Si une femme veut que son père l’aide dans l’éducation et le développement de l’enfant dès les premiers jours de la naissance du bébé, le père doit être loué, pas condamné ou critiqué.
L’objection de nombreuses mères: pourquoi le louer s’il fait vraiment tout de travers? Et c’est notre, femelle, rusée. Papa devrait être félicité pour ses nobles impulsions, pour son désir d’aider, pour ses intentions chevaleresques de partager avec sa femme toutes les difficultés d’élever un bébé. Et en louant, vous devez soigneusement corriger, expliquer ce qu’il fait mal. C’est vraiment très simple, n’est-ce pas? Pourquoi cela n’est-il pas fait dans de nombreux cas? Oui, parce que la Femme elle-même est inquiète, nerveuse, pressée, a peur de faire du mal au bébé. Comment s’aider soi-même?
Il est conseillé aux jeunes parents de s’entendre «sur le rivage», c’est-à-dire de discuter à l’avance qu’il y aura des accusations mutuelles, des paroles insouciantes prononcées avec chaleur. Transformez-le en jeu! Et le jeu est toujours joué selon les règles. Les règles doivent être élaborées, discutées et consolidées. Vous pouvez imposer des pénalités. Que ce soit un petit montant pour chaque violation. Alors, même si vous commettez toutes ces erreurs, elles ne seront pas «sapeuses », c’est-à-dire fatales. Il s’agira simplement de difficultés techniques de travail qui seront progressivement éliminées dans le processus.
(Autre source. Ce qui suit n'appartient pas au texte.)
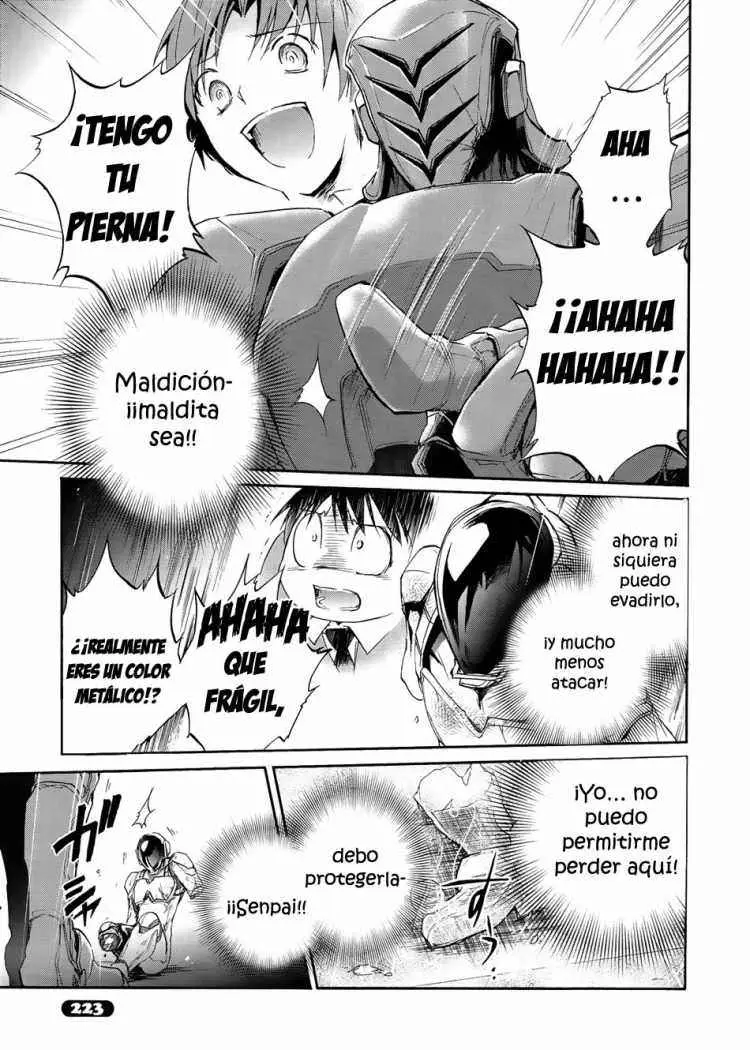 Accel World capítulo 7, página 24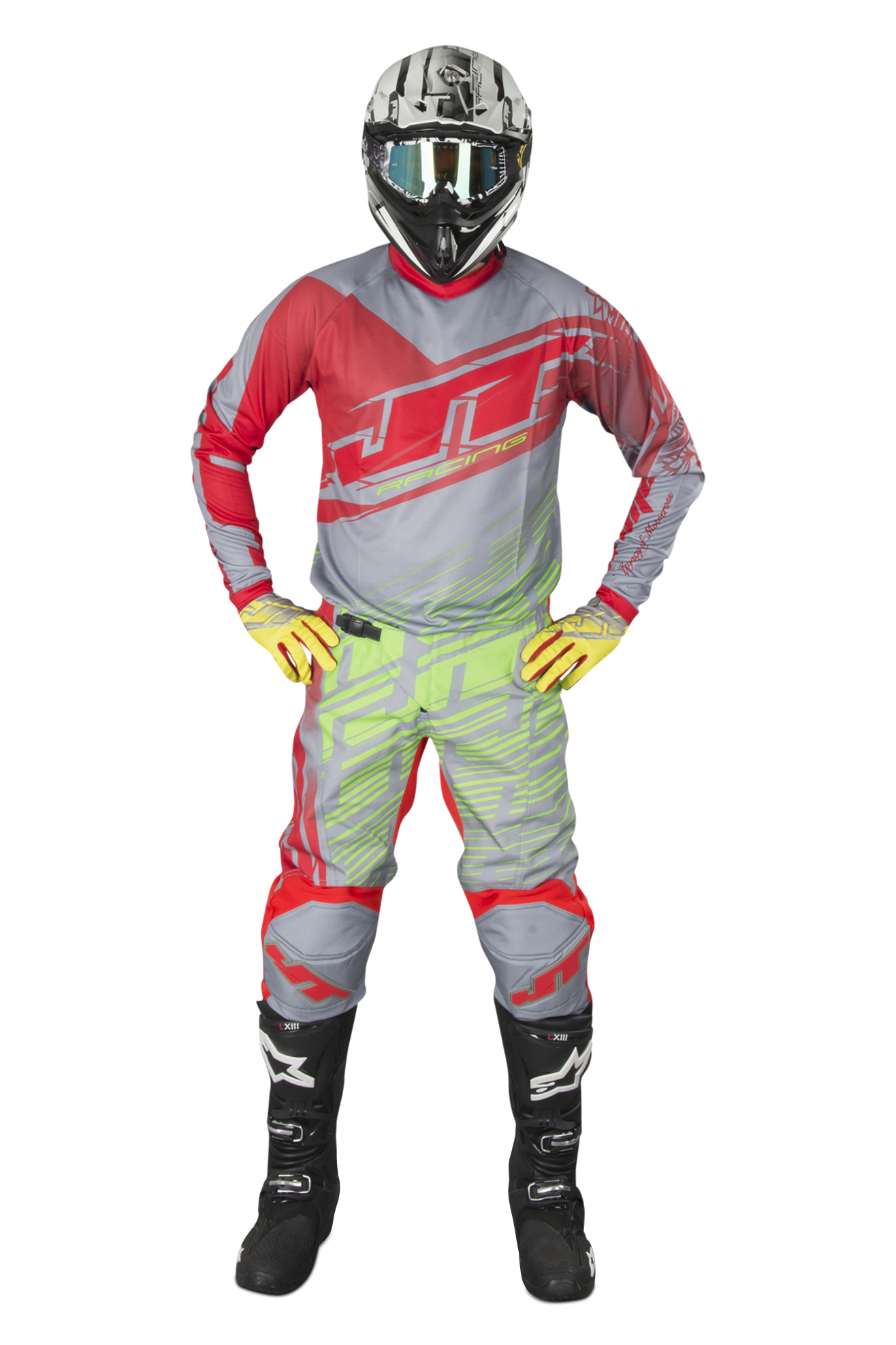 JT Racing Prime Jersey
Vous pouvez obtenir une tirelire amusante sous la forme d’un cochon ou d’un chat. Déterminez le montant de l’amende en fonction de vos revenus. C’est le principe ici! Et pour être amusant. À la fin de la semaine ou du mois, la tirelire est ouverte et les fonds accumulés sont utilisés pour quelque chose de savoureux ou d’amusant.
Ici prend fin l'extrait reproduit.